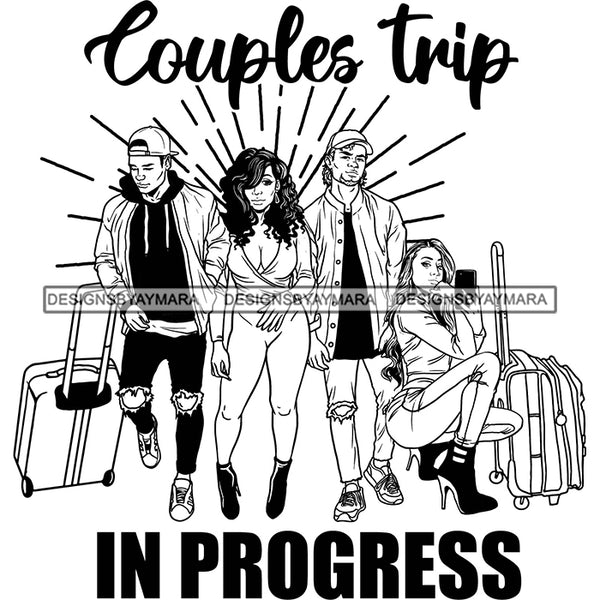 Couples Adventure Getaway Friends Airport Fun Vacation Trip Illustration B/W SVG JPG PNG Vector Clipart Cricut Silhouette Cut Cutting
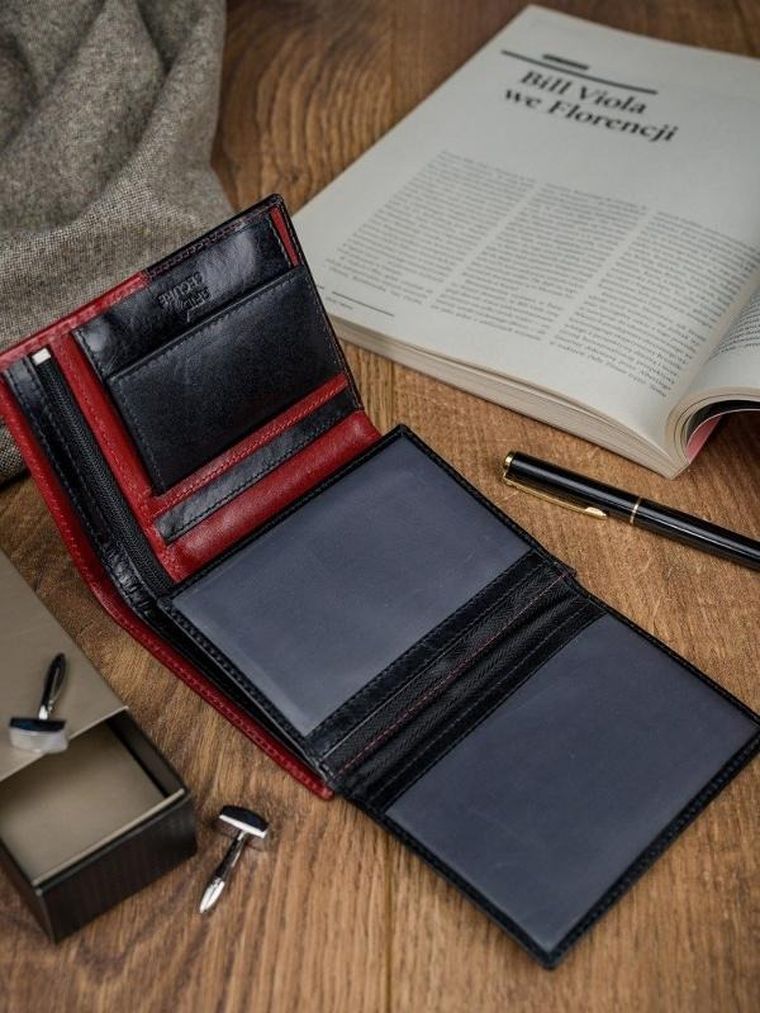 Portfel, czerwono-czarny, skórzany, RFID, Rovicky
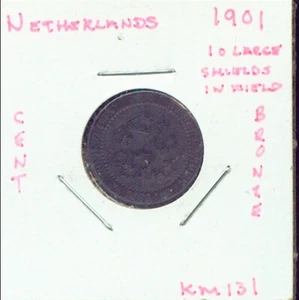 MONEDAS MUNDIALES PAÍSES BAJOS 1901 CENTAVO (2G703) BRONCE EN MUY BUEN ESTADO - Imagen 1 de 3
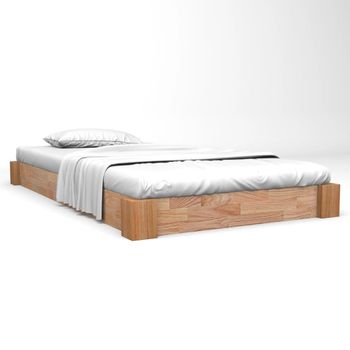 Estructura De Cama De Madera Maciza De Roble 160x200 Cm Marrón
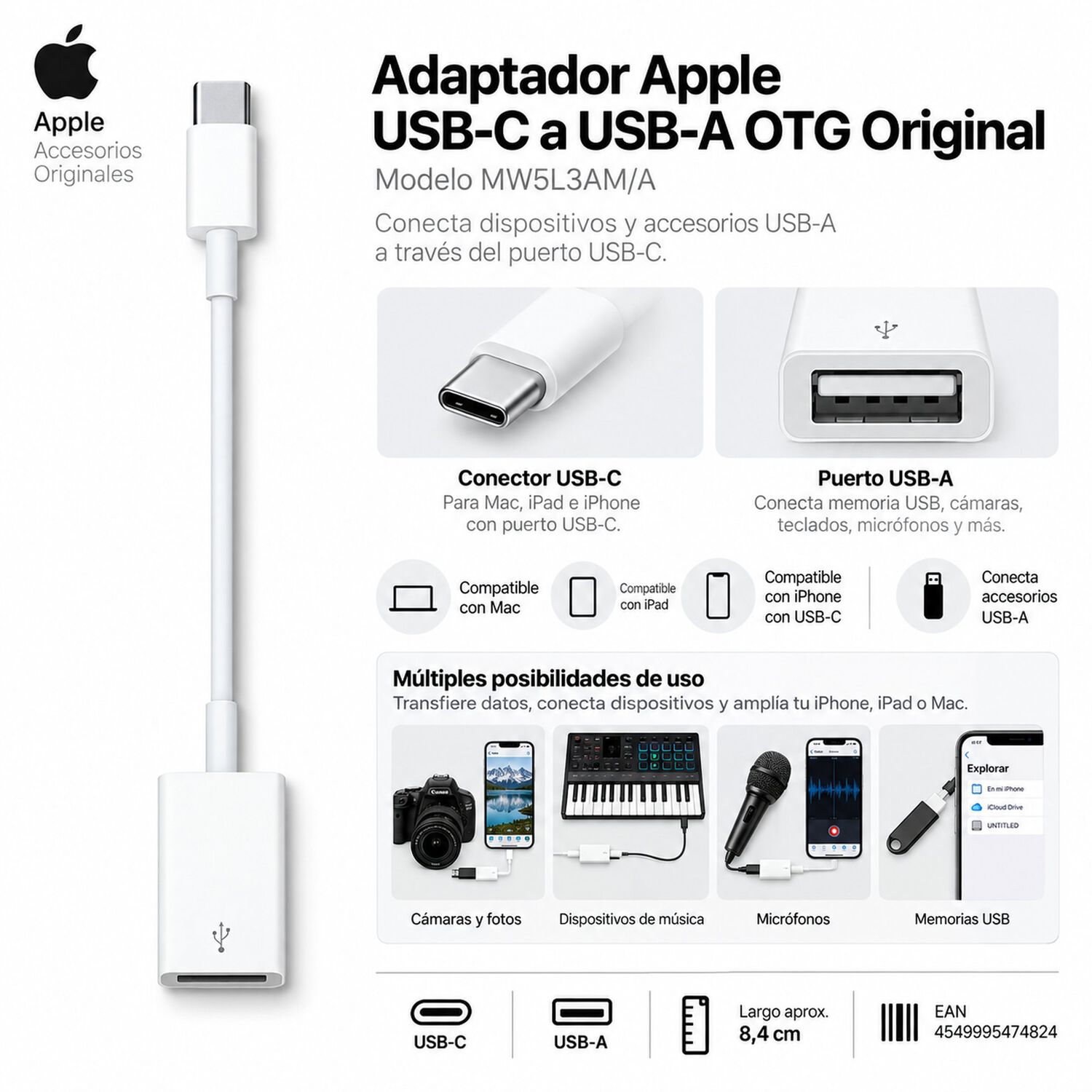 Adaptador Apple Mj1m2am Usb-c A Usb-a Blanco image number 3.0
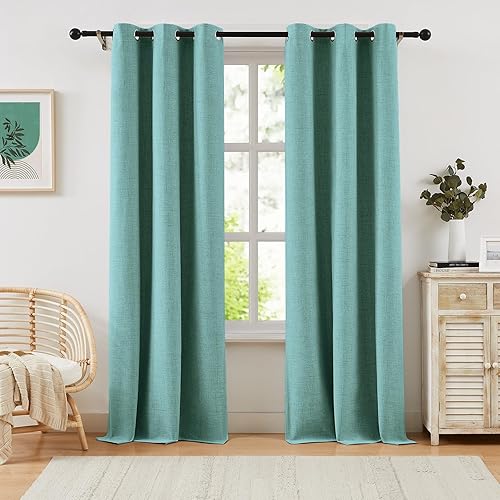 Miniatura 19 de Cortinas 100% opacas para dormitorio, cortina opaca de lino estilo granja de 84 pulgadas de largo, juego de 2 paneles, cortinas de ventana con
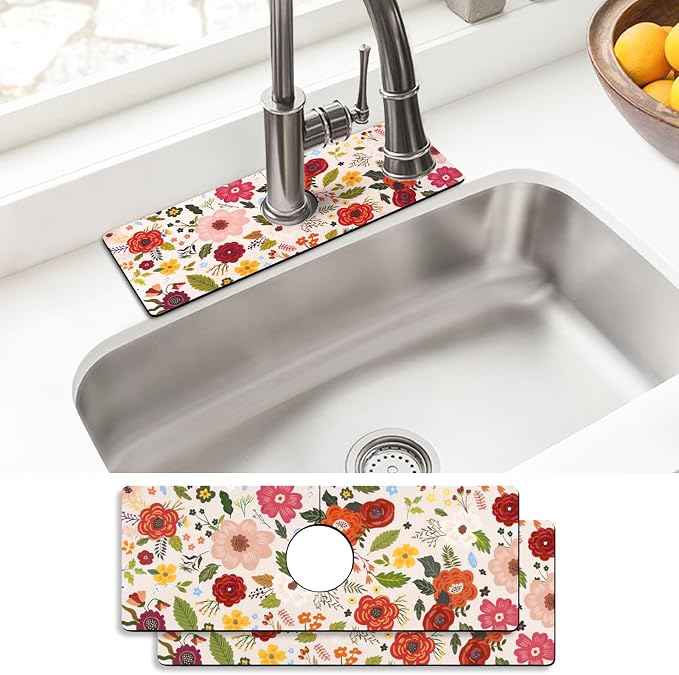 Sink Faucet Absorbing Mat, 2 Pack Drying Mat Around Faucet Sink Splash Guard Behind Faucet Sinkmat For Kitchen Bathroom Island Rv 15 * 5.5 Inch (38 * 14 cm) by BathtubMat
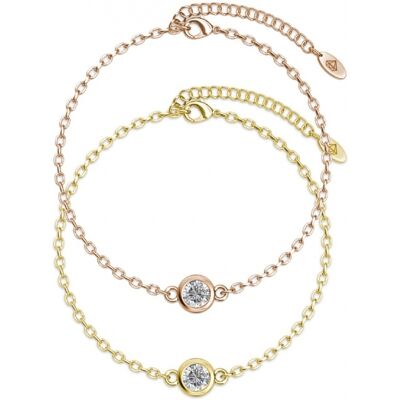MYC Paris Geburtsstein-Armband - Gold, Roségold und Kristall Gold 18cm MYC Paris Geburtsstein-Armband - Gold, Roségold und Kristall Gold 18cm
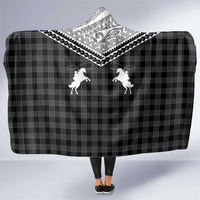 Aloha Hawaii Cowboys Paniolo Hooded Blanket Black Palaka LT7 One Size Black - Polynesian Pride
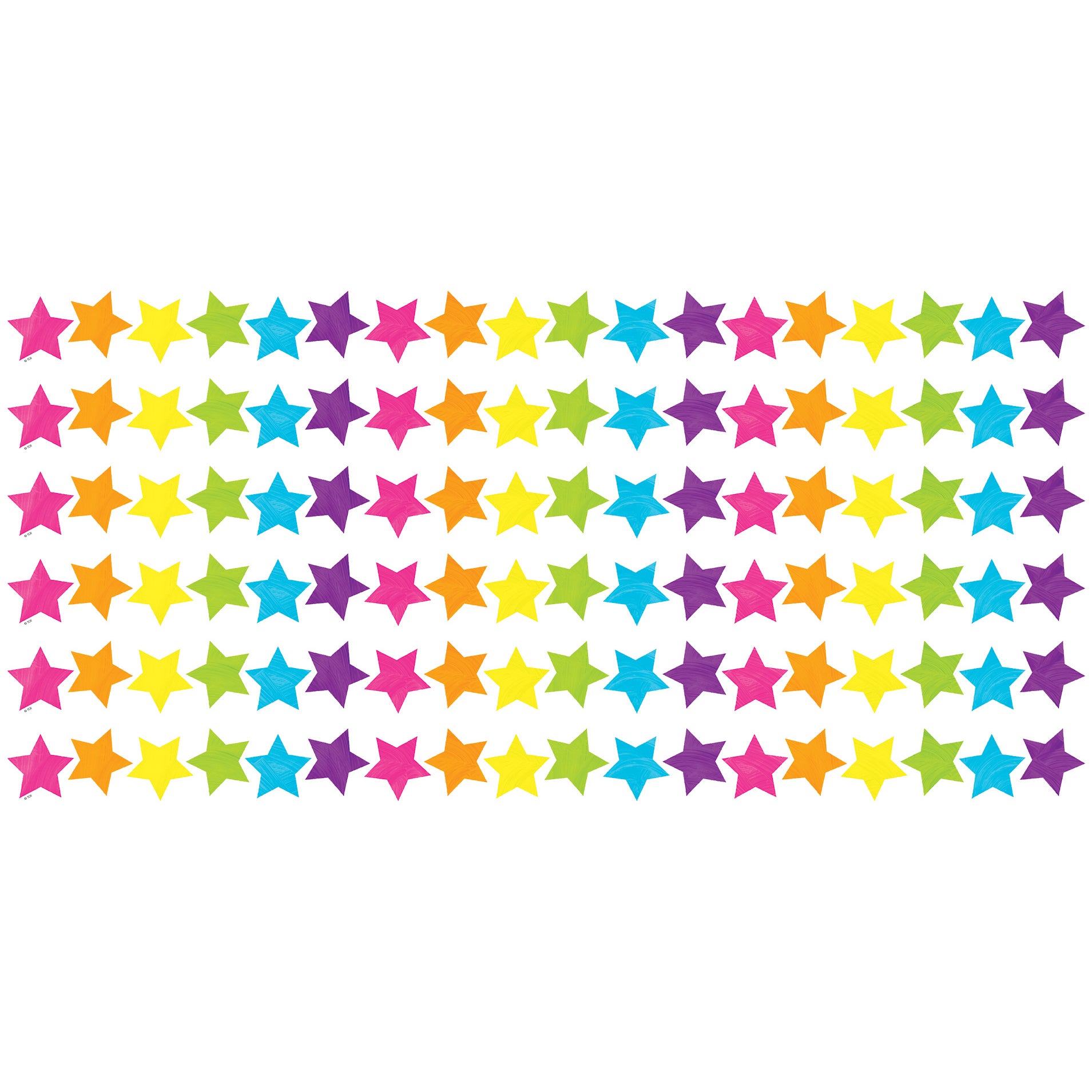 Brights 4Ever Stars Die-Cut Border Trim, 35 Feet Per Pack, 6 Packs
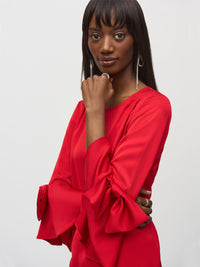 Joseph Ribkoff Satiininen Juhlamekko Punainen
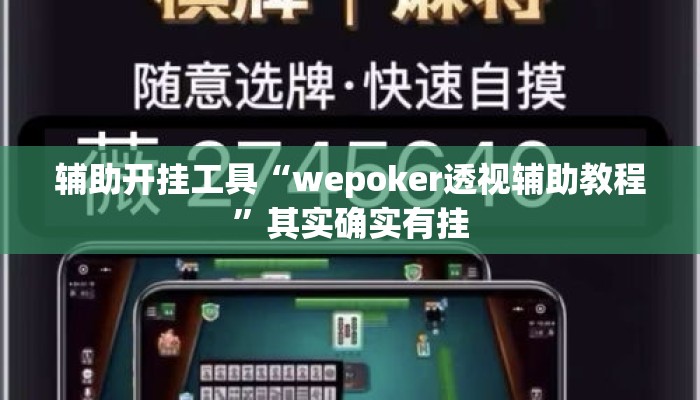 辅助开挂工具“wepoker透视辅助教程	”其实确实有挂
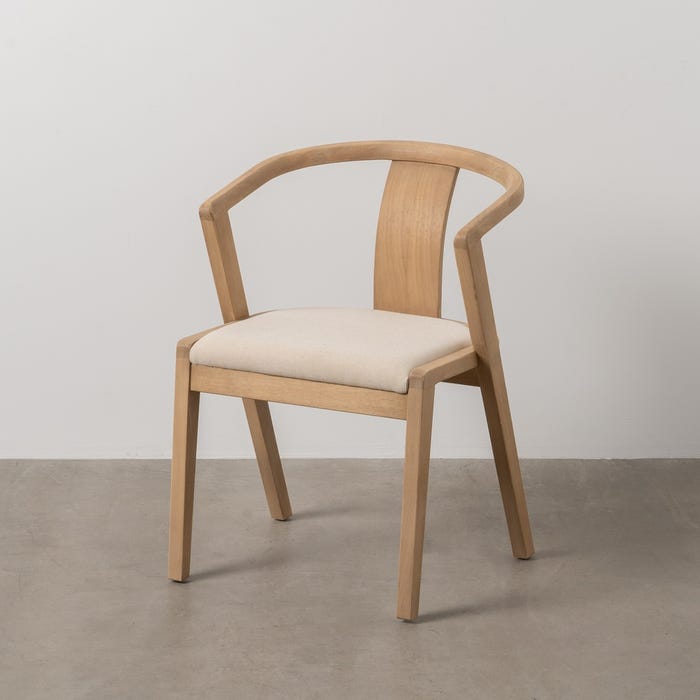 Set de 2 scaune din lemn bej Natural Weave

────────────────────────────────────────

* **WORK INSTRUCTIONS**: Every entry should come back exactly as written, only without images.

* **YOUR SOLUTION**:
 Couples Adventure Getaway Friends Airport Fun Vacation Trip Illustration B/W SVG JPG PNG Vector Clipart Cricut Silhouette Cut Cutting
 Portfel, czerwono-czarny, skórzany, RFID, Rovicky
 MONEDAS MUNDIALES PAÍSES BAJOS 1901 CENTAVO (2G703) BRONCE EN MUY BUEN ESTADO - Imagen 1 de 3
 Estructura De Cama De Madera Maciza De Roble 160x200 Cm Marrón
 Adaptador Apple Mj1m2am Usb-c A Usb-a Blanco image number 3.0
 Miniatura 19 de Cortinas 100% opacas para dormitorio, cortina opaca de lino estilo granja de 84 pulgadas de largo, juego de 2 paneles, cortinas de ventana con
 Sink Faucet Absorbing Mat, 2 Pack Drying Mat Around Faucet Sink Splash Guard Behind Faucet Sinkmat For Kitchen Bathroom Island Rv 15 * 5.5 Inch (38 * 14 cm) by BathtubMat
MYC Paris Geburtsstein-Armband - Gold, Roségold und Kristall Gold 18cm MYC Paris Geburtsstein-Armband - Gold, Roségold und Kristall Gold 18cm
 Aloha Hawaii Cowboys Paniolo Hooded Blanket Black Palaka LT7 One Size Black - Polynesian Pride
 Brights 4Ever Stars Die-Cut Border Trim, 35 Feet Per Pack, 6 Packs
 Joseph Ribkoff Satiininen Juhlamekko Punainen
 辅助开挂工具“wepoker透视辅助教程	”其实确实有挂
 Set de 2 scaune din lemn bej Natural Weave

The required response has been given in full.